Wanita Masa Lalu Suamiku

Wanita Masa Lalu Suamiku
Episode 10 Pertemuan


__ADS_3

"Mohon maaf pak Rudyanto, kalau boleh tahu kenapa bapak menangis?"


"Ibumu Azqiya Saphyra adalah istri saya dulu yang hilang karena konflik waktu saya tinggal di Papua dan kamu anak kandung saya yang hilang. Selama ini saya cari kalian tapi tak pernah ketemu hingga 20 tahun." Air mata pak Rudyanto masih terus meleleh sesenggukan.


"Ja....ja...ja...jadi...pak Rudyanto itu bapak kandung saya yang selama ini saya cari?" Air mataku bergenang di kelopak mata.


"Bagaimana kabar ibumu nak?"


"Ibu sudah meninggal pak, 1 tahun yang lalu." Ucapku sedih.


"Meninggal karena apa?"


"Sakit jantung. Ibu selalu memikirkan bapak dan adik Liana yang hilang karena konflik di Papua. Hingga sering menangis sendirian di atas bantal. Lama-kelamaan ibu menderita sakit jantung. Oh iya pak, adik kandung Liana yang masih bayi usia 1 bulan bapak namai siapa? Waktu dulu bapak dan ibu belum memberi nama adikku. Apakah dia masih hidup?" Tanya Liana.


"Alhamdulillah masih hidup. Bapak beri dia nama Fira."


Hatiku berkecamuk antara sedih, senang, marah menjadi satu.

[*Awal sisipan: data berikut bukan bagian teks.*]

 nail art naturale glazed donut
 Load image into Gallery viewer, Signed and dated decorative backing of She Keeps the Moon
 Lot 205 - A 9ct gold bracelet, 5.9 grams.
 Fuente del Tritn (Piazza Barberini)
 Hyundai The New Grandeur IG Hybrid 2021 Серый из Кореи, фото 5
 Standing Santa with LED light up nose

"Maaf, bapak menikah lagi demi adikmu agar ada yang mengurusi adikmu yang masih berusia 1 bulan saat itu. Karena tugas angkatan laut yang tak mungkin bisa membawa bayi. Bapak terus cari ibumu dan nak Liana hingga 20 tahun." Ucap pak Rudyanto dengan nada bergetar sambil menitikkan air mata. Matanya menerawang jauh mengenang masa lalu.

__ADS_1


"Ya sudah pak, Liana mengerti, saya pamit dulu pulang ya karena masih ada yang harus Liana kerjakan." Aku memeluk bapak erat sekali hingga tak terasa 1 jam lamanya. Kerinduan 20 tahun anak dan bapak yang terpisah membuncah.

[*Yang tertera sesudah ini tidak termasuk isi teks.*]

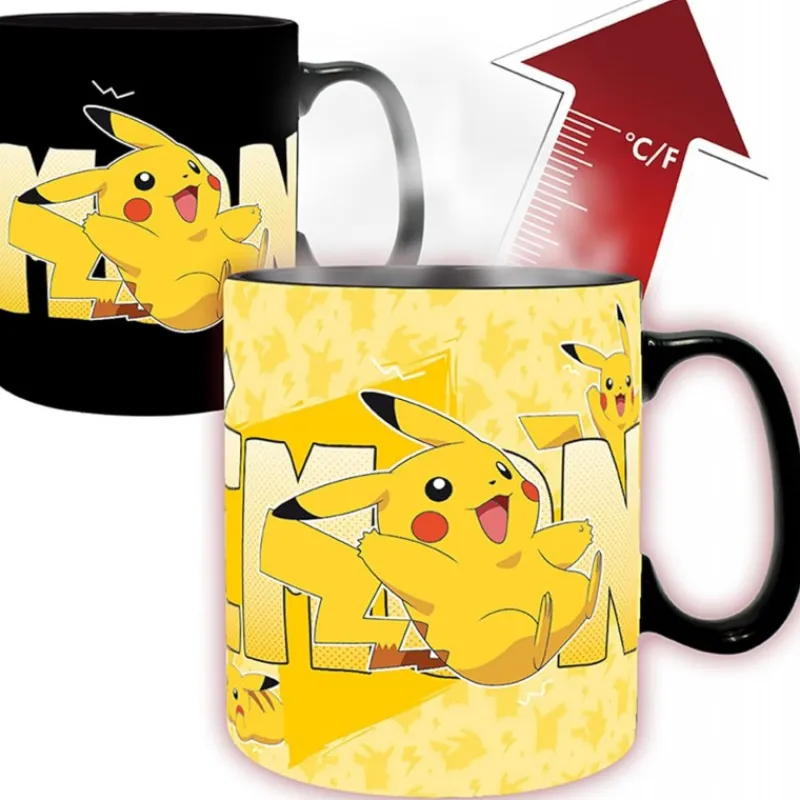 Abystyle Pikachu|Pokemon Hogar^Taza Térmica Pikachu 460 ml - Pokémon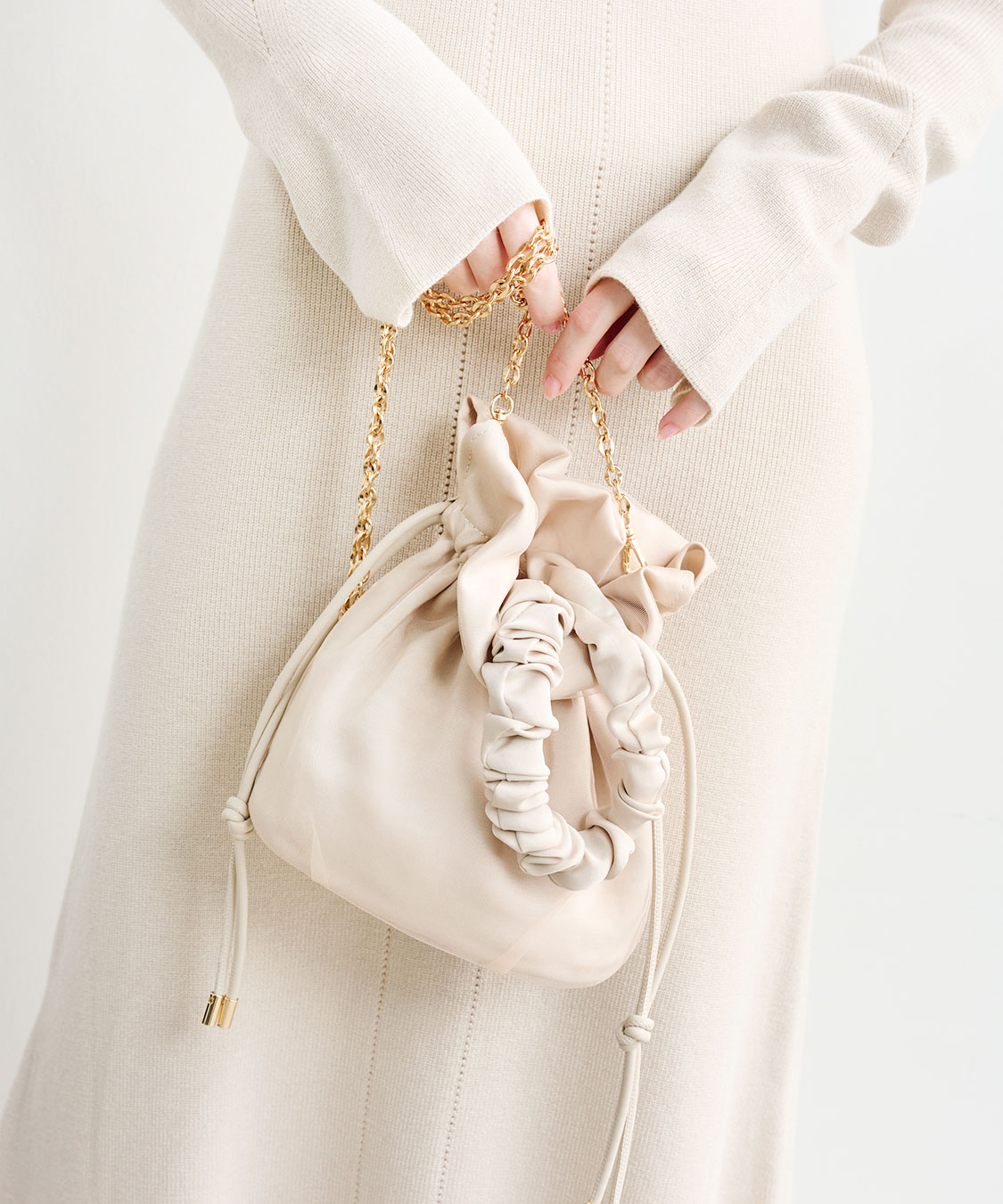 サテン巾着バッグ｜PETAL ONLINE（ペタルオンライン）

"Iya nak, ini nomor telpon bapak, hubungi bapak ya biar kita bisa ketemu lagi. Sering-seringlah main ke sini. Istri kedua bapak juga baru meninggal 1 bulan yang lalu. Bapak merasa sangat kesepian. Sedangkan adik perempuanmu tidak pernah pulang ke sini karena terjerumus pergaulan bebas ala Amerika."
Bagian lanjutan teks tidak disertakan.